Pero la verdad es que posiblemente la guerra en Irak estaba perdida antes de que se empezara. La guerra preventiva era una contienda perdida de antemano. El problema no radicaba en la incompetencia de la Administración de Bush, por más grande que haya sido, sino en la irremediable incapacidad de cualquier conquistador extranjero para ganarse las mentes y los corazones de los pueblos que ocupa, de lo que todo, en última instancia, depende. Tal es, al menos, una de las tesis defendidas en este libro.

¿Acaso las recientes vicisitudes del "imperio" no desvelan un patrón similar de debilidad política subyacente a la fuerza militar? "Ascenso y caída" son términos inseparables de la historia de los imperios, y lo interesante, en cualquier momento histórico, ha sido saber en qué punto de esta curva se encuentra el imperio en cuestión. Sin embargo, no resulta fácil determinar el lugar actual del imperio norteamericano en la trayectoria que va del ascenso a la caída. Da la impresión de que estuviera ascendiendo y cayendo al mismo tiempo. Tiene tropas en el mundo entero, pero consigue muy pocos de sus objetivos. El emperador de Washington brama sus instrucciones a los cinco continentes, pero no se le suele hacer caso.

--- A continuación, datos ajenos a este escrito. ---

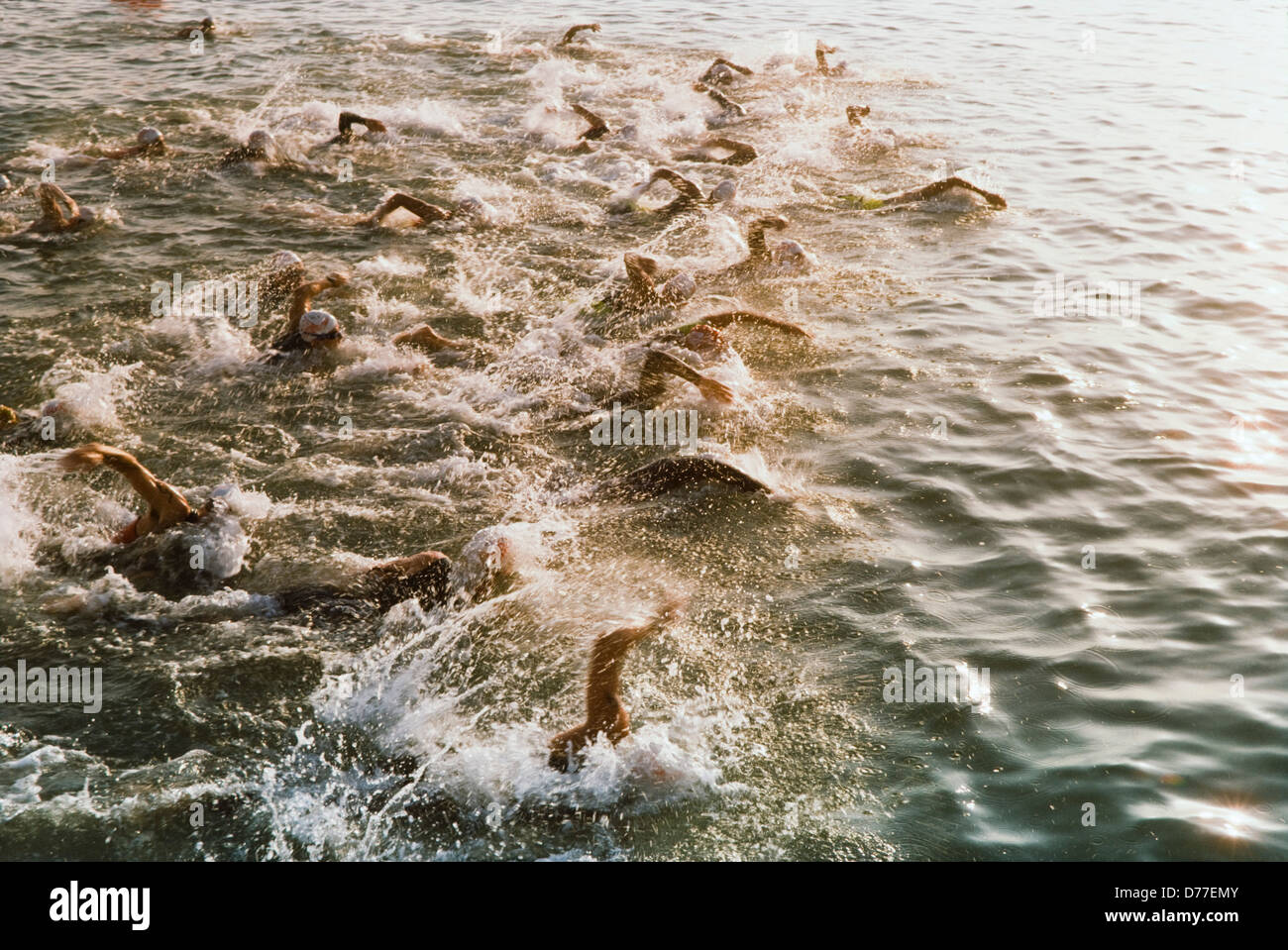 Start of Ironman Triatalon, competitors swimming in ocean, motion effects and splash. Stock Photo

El poder militar de Estados Unidos es "supremo", pero su utilización parece dañar al propio usuario. Tal vez el imperio norteamericano estaba caído de antemano. No parece tanto que ascienda o caiga como que, a la vez, se expanda y se contraiga, avance estruendoso y se retire.

Tal vez no debería sorprendernos esta fusión de la secuencia de los acontecimientos. El texto que anunciaba el fracaso no se encontraba en el libro de obviedades y lugares comunes en forma de predicción cuyo cumplimiento había que sentarse a esperar, sino que estaba escrito en todos los libros de historia de los últimos cien años. El veredicto se había emitido antes de que se hubiera cometido el crimen.

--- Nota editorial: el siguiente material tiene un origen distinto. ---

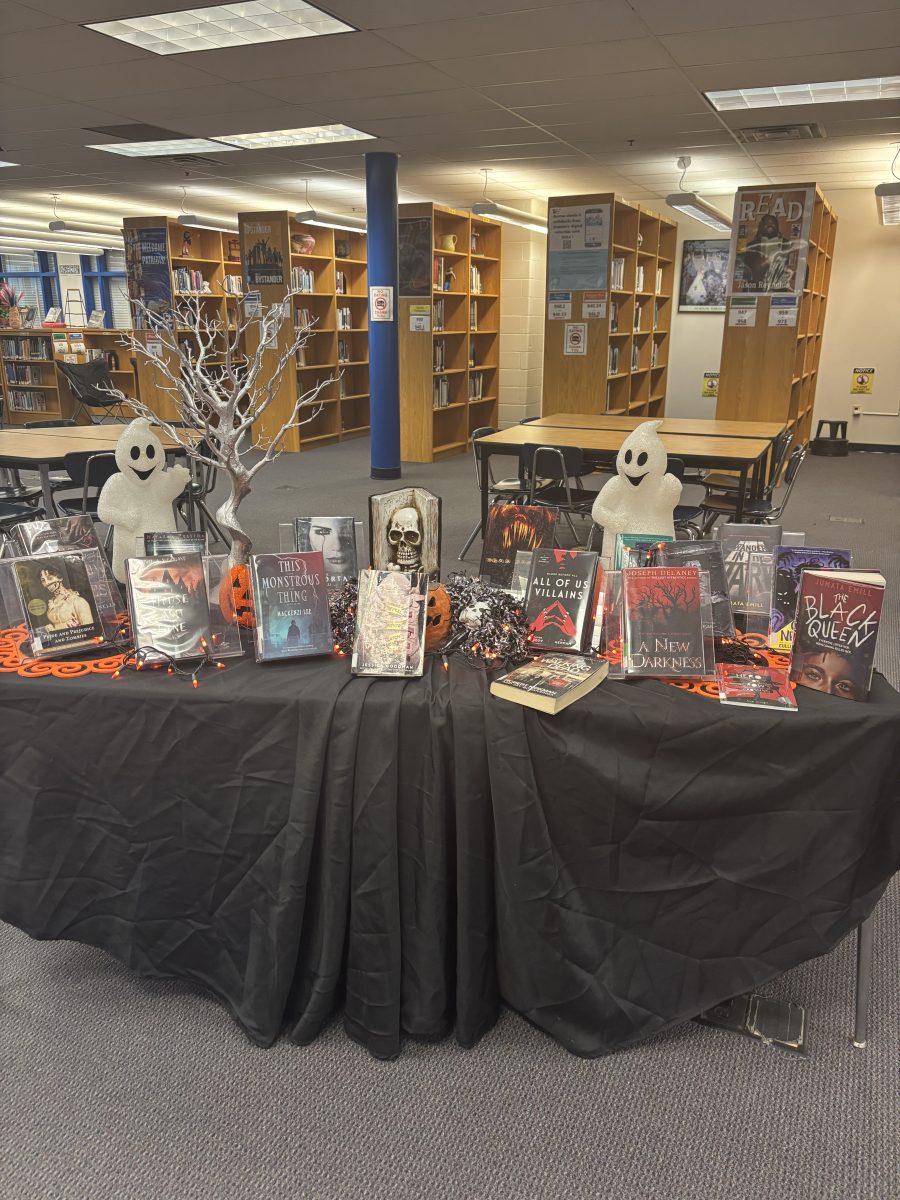 This school's library has a table set up for Halloween, promoting scary books for the month of October. They also had a challenge for students: if they read and reviewed two books, they were entered to win a prize.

La cuestión tiene, por supuesto, muchos matices. Los críticos llevaban llamando imperialismo a la globalización económica desde mucho antes de que George Bush intentara imponer un cambio de régimen en Irak, y todavía tienen razones de peso para seguir llamándola así. Pero sin duda sería un error tan grave asumir el triunfo de un sistema imperial norteamericano -cuando es algo que todavía está por ver-, como lo fue que el presidente proclamara "Misión cumplida" en la cubierta del USS Abraham Lincoln poco después de que las tropas norteamericanas hubieran tomado Bagdad.

Los nuevos imperialistas nos dijeron que Estados Unidos podía dirigir el mundo si asumía de una vez su papel y se ponía manos a la obra. Los resultados están a la vista. ¿Es entonces Estados Unidos un verdadero imperio a escala mundial? No, todavía no.

Jonathan Schell es corresponsal de paz y desarme de la revista The Nation. Este texto es parte del prólogo de Un mundo inconquistable. Poder, no violencia y voluntad popular (Galaxia Gutenberg / Círculo de Lectores).